We prove the assertion by induction on the derivation of $r \Rightarrow s$. In the variable case, the only derivation is $x \Rightarrow x$, and the complete development satisfies $x^\star=x$, so the conclusion is exactly the variable rule.

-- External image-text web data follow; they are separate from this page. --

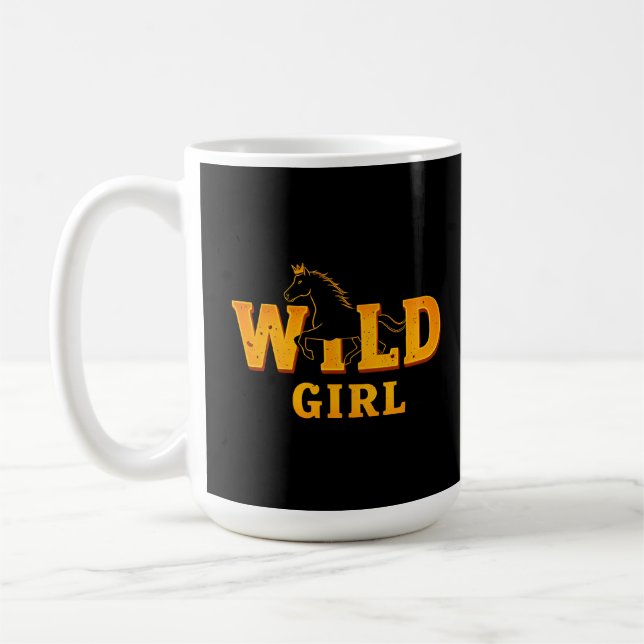 Pferd und "Wild Girl"-Zeichen Kaffeetasse (Links)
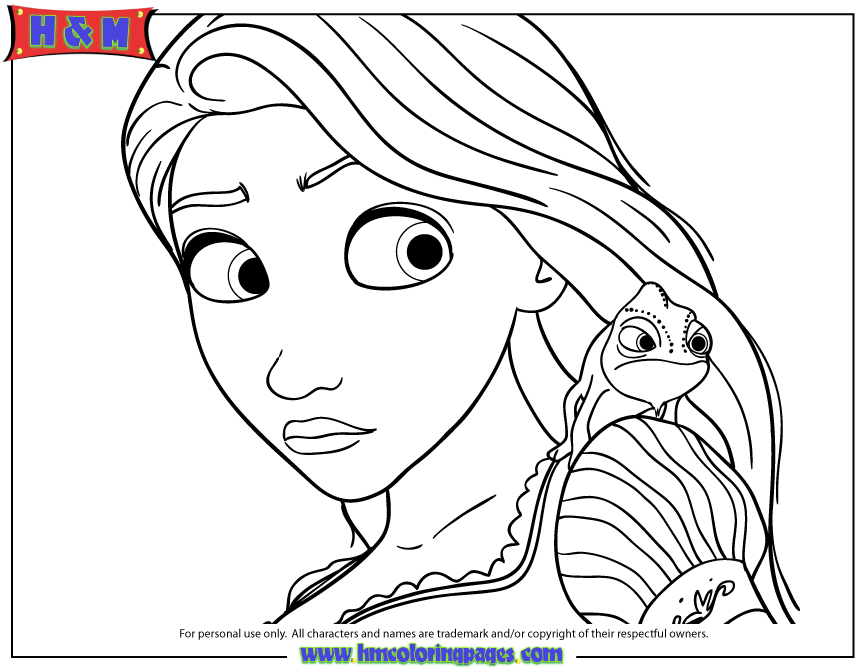 Rapunzel With Pascal The Chameleon Coloring Page | H & M Coloring ...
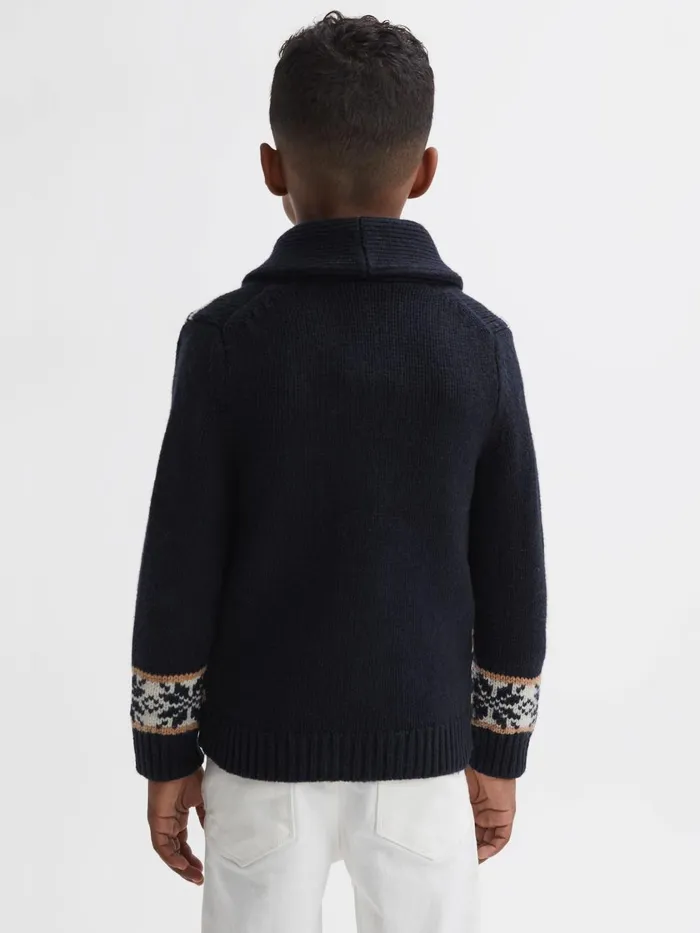 Children Reiss Knitwear Birch Knitted Fair Isle ButtonThrough Cardigan Navy Multi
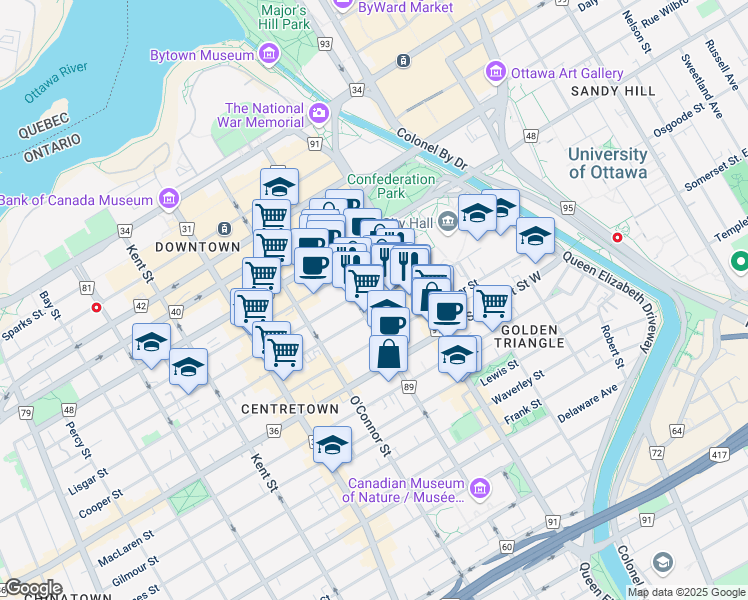 map of restaurants, bars, coffee shops, grocery stores, and more near 197 Lisgar Street in Ottawa
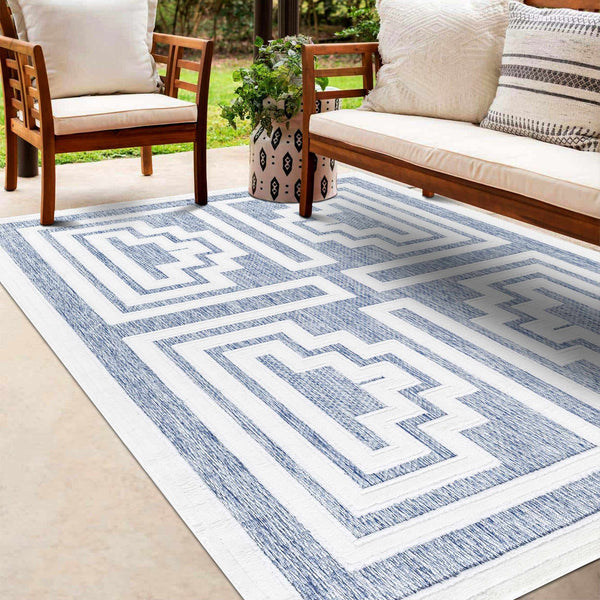 Yves Blue Outdoor Rug - 6x9 Clearance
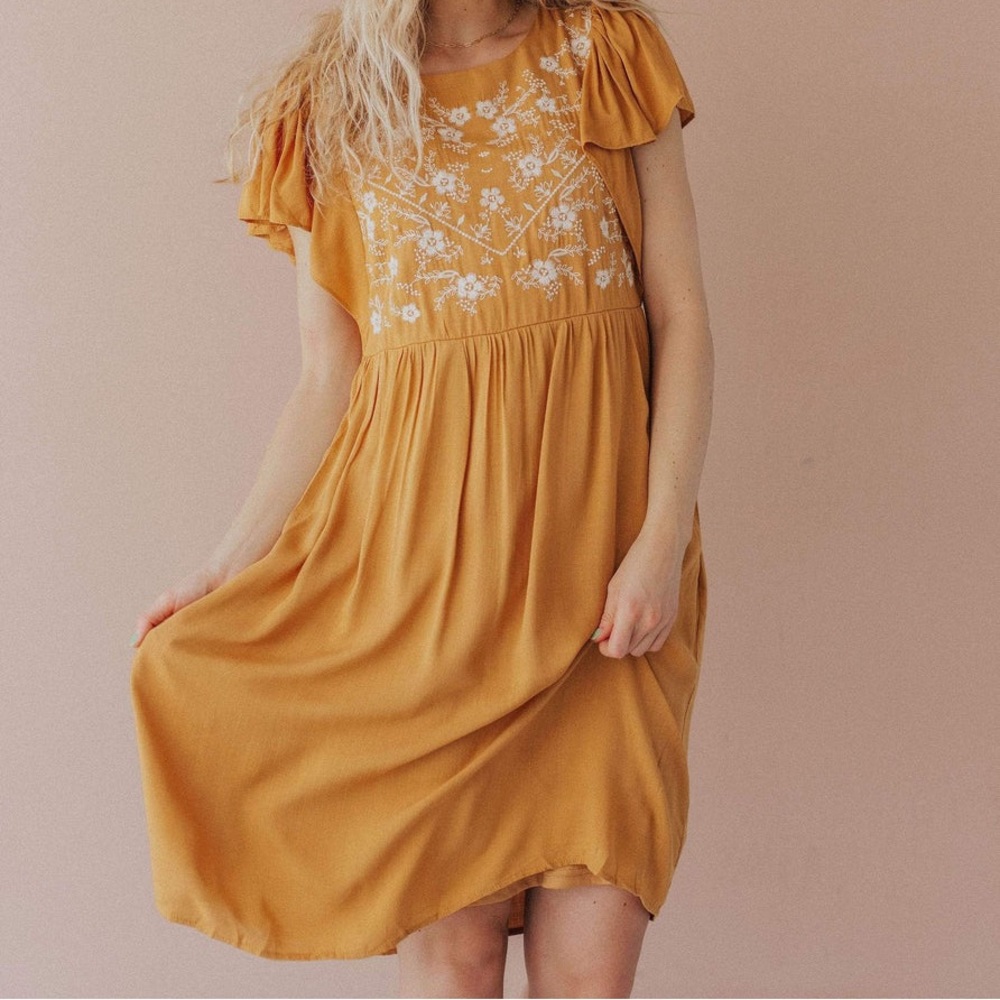 Yellow Floral Embroidered Dress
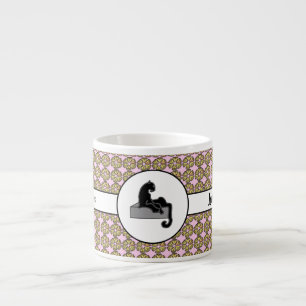 Boss Lady Black Cat und Pink Blume Espressotasse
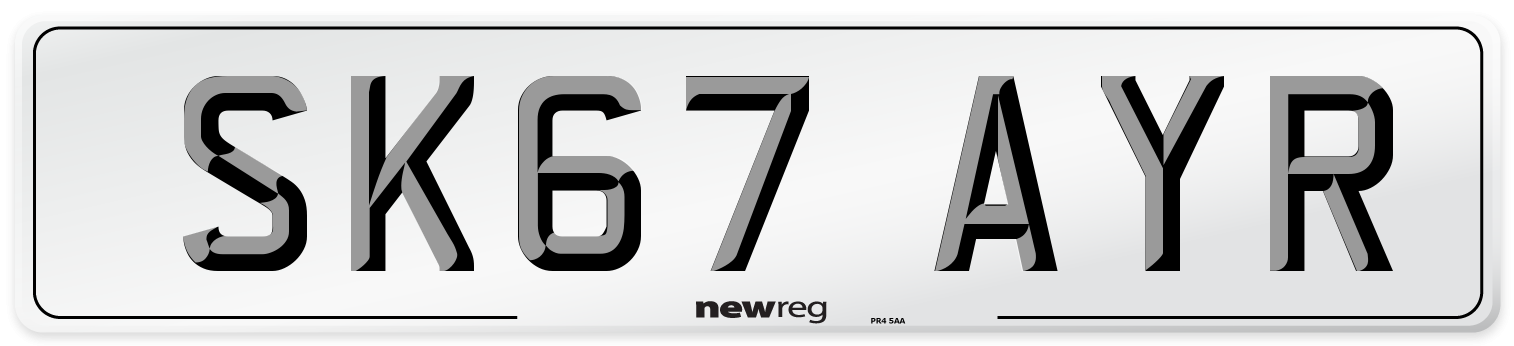 SK67 AYR Number Plate from New Reg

In the abstraction case, $r=\lambda x.a$ and $s=\lambda x.a'$ for some derivation $a \Rightarrow a'$. The induction hypothesis gives
\begin{align*}
a' \Rightarrow a^\star.
\end{align*}
Applying the abstraction rule for parallel reduction gives
\begin{align*}
\lambda x.a' \Rightarrow \lambda x.a^\star.
\end{align*}
By definition of complete development,
\begin{align*}
\lambda x.a^\star = (\lambda x.a)^\star.
\end{align*}
Thus $s \Rightarrow r^\star$.
In the application case, $r=a\,b$ and $s=a'\,b'$ are obtained from $a \Rightarrow a'$ and $b \Rightarrow b'$. The induction hypotheses give
\begin{align*}
a' \Rightarrow a^\star
\end{align*}
and
\begin{align*}
b' \Rightarrow b^\star.
\end{align*}
If $a$ is not an abstraction, then the complete development of the application is $a^\star b^\star$, and the application rule gives
\begin{align*}
a'\,b' \Rightarrow a^\star\,b^\star = (a\,b)^\star.
\end{align*}
If $a=\lambda x.c$, then the application itself is a beta-redex in the source term. In that case the complete development contracts this outer redex after developing its body and argument, so
\begin{align*}
((\lambda x.c)\,b)^\star = c^\star[b^\star/x].
\end{align*}
The induction hypothesis applied to the left component gives $a' \Rightarrow \lambda x.c^\star$, and the induction hypothesis applied to the right component gives $b' \Rightarrow b^\star$. Therefore the parallel beta rule gives
\begin{align*}
a'\,b' \Rightarrow c^\star[b^\star/x] = ((\lambda x.c)\,b)^\star.
\end{align*}
In the beta case, $r=(\lambda x.a)\,b$ and $s=a'[b'/x]$, where $a \Rightarrow a'$ and $b \Rightarrow b'$. The induction hypotheses give
\begin{align*}
a' \Rightarrow a^\star
\end{align*}
and
\begin{align*}
b' \Rightarrow b^\star.
\end{align*}
Substitution compatibility then gives
\begin{align*}
a'[b'/x] \Rightarrow a^\star[b^\star/x].
\end{align*}
But $a^\star[b^\star/x]$ is exactly the complete development of $(\lambda x.a)\,b$. Hence $s \Rightarrow r^\star$.
[/guided]
[/step]
[step:Deduce the diamond property for parallel beta reduction]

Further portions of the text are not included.